- **The problem**
Restate every entry verbatim; drop the pictures.

== Segment start ==

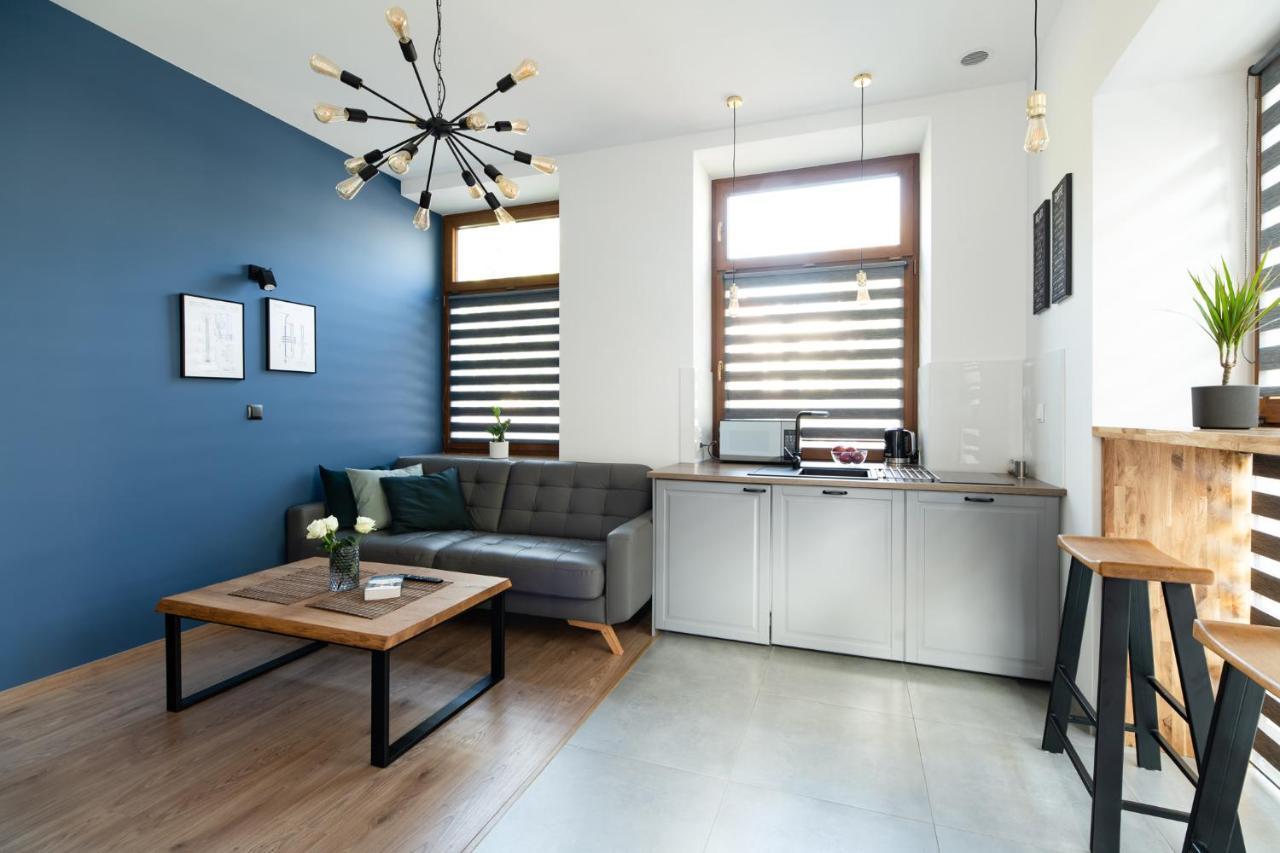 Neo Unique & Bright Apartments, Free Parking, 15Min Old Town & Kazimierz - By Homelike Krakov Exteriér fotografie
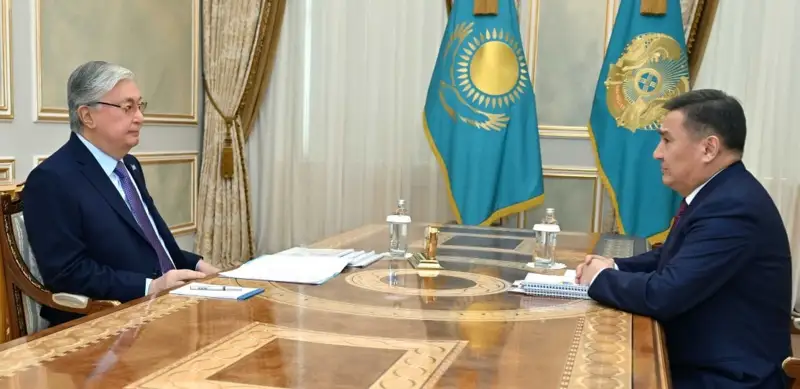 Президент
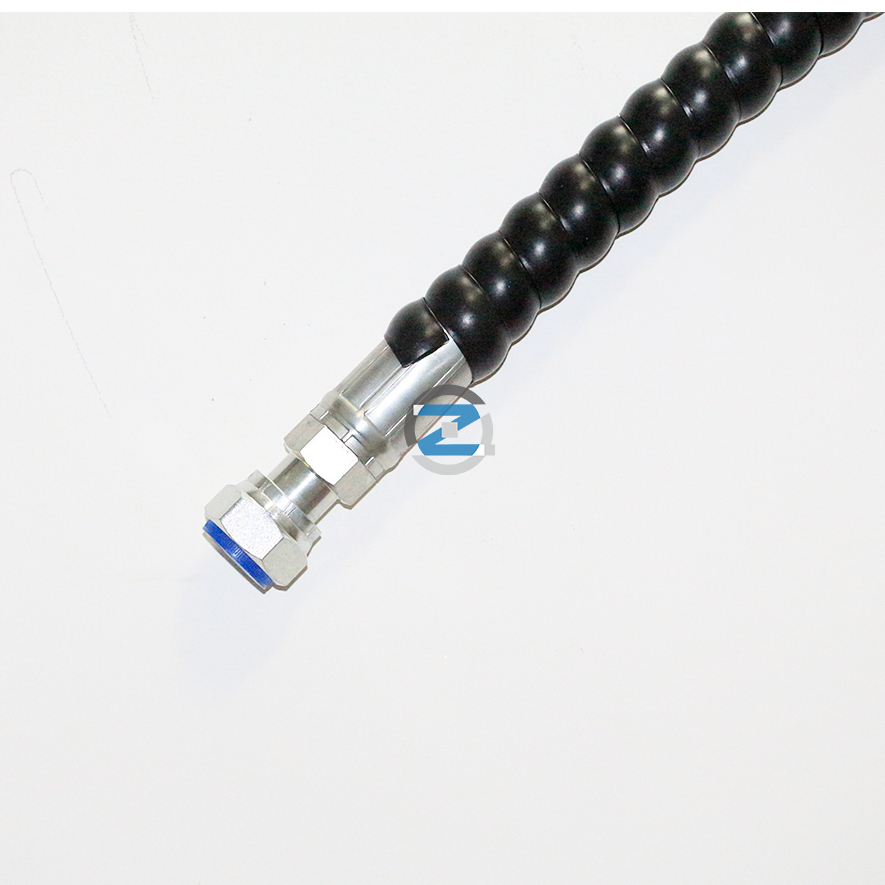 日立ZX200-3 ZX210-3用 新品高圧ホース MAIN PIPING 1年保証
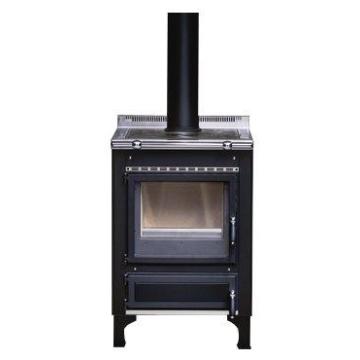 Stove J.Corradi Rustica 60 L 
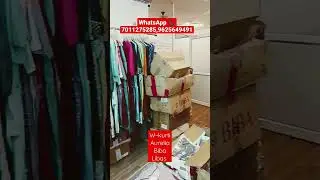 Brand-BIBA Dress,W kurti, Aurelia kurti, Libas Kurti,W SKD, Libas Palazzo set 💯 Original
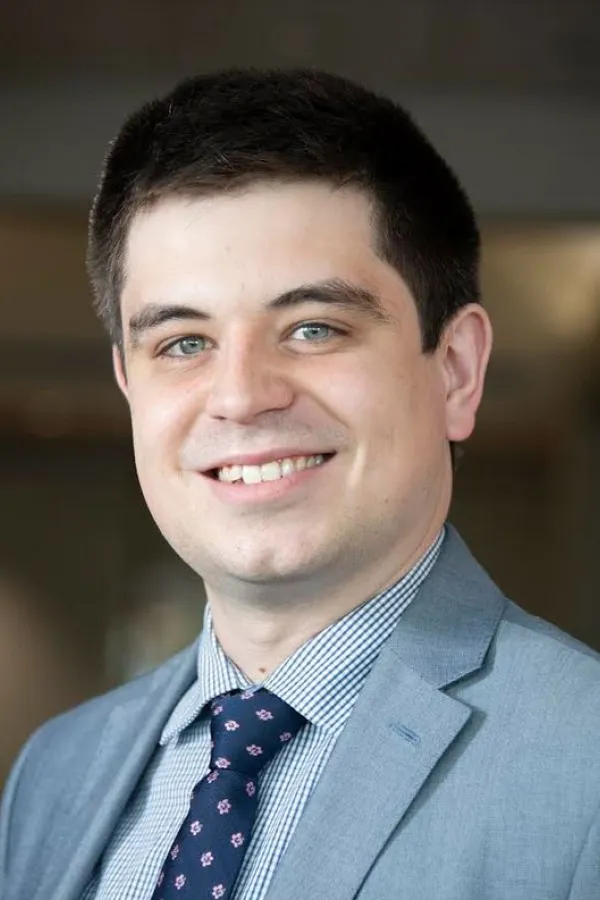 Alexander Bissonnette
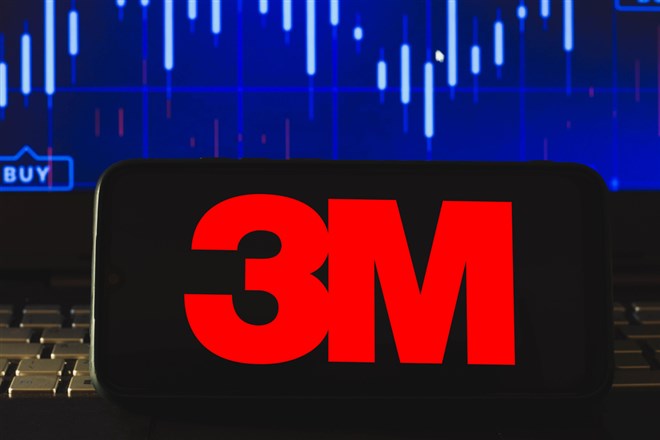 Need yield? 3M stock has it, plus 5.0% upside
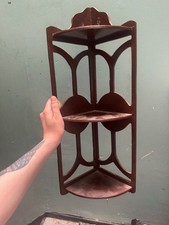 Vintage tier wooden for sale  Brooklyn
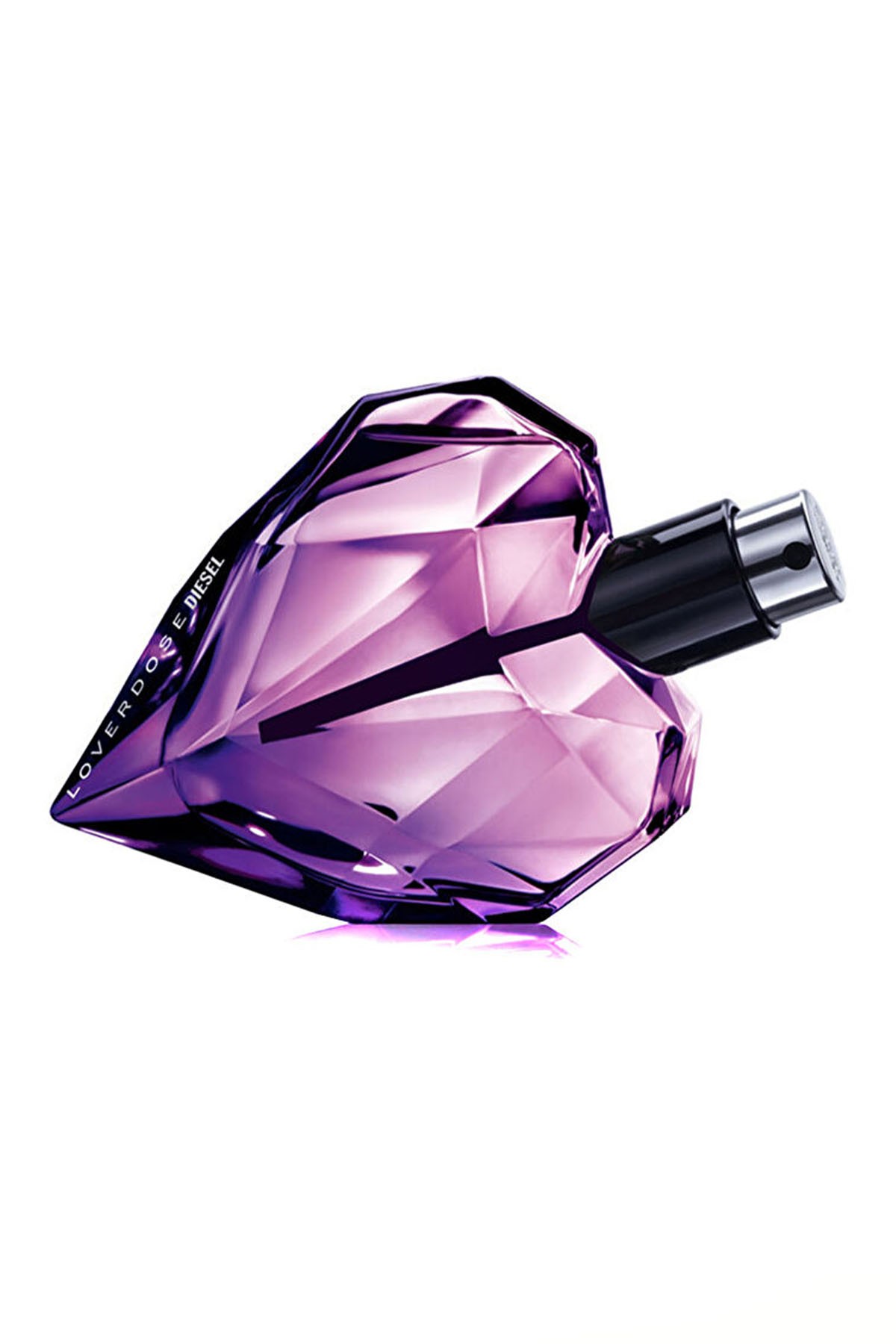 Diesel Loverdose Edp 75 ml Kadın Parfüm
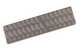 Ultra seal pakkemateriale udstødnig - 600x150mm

== Segment end ==

- **Problem solution**
 Neo Unique & Bright Apartments, Free Parking, 15Min Old Town & Kazimierz - By Homelike Krakov Exteriér fotografie
 Президент
 日立ZX200-3 ZX210-3用 新品高圧ホース MAIN PIPING 1年保証
 Stove J.Corradi Rustica 60 L 
 Brand-BIBA Dress,W kurti, Aurelia kurti, Libas Kurti,W SKD, Libas Palazzo set 💯 Original
 Alexander Bissonnette
 Need yield? 3M stock has it, plus 5.0% upside
 Vintage tier wooden for sale  Brooklyn
 Diesel Loverdose Edp 75 ml Kadın Parfüm
 Ultra seal pakkemateriale udstødnig - 600x150mm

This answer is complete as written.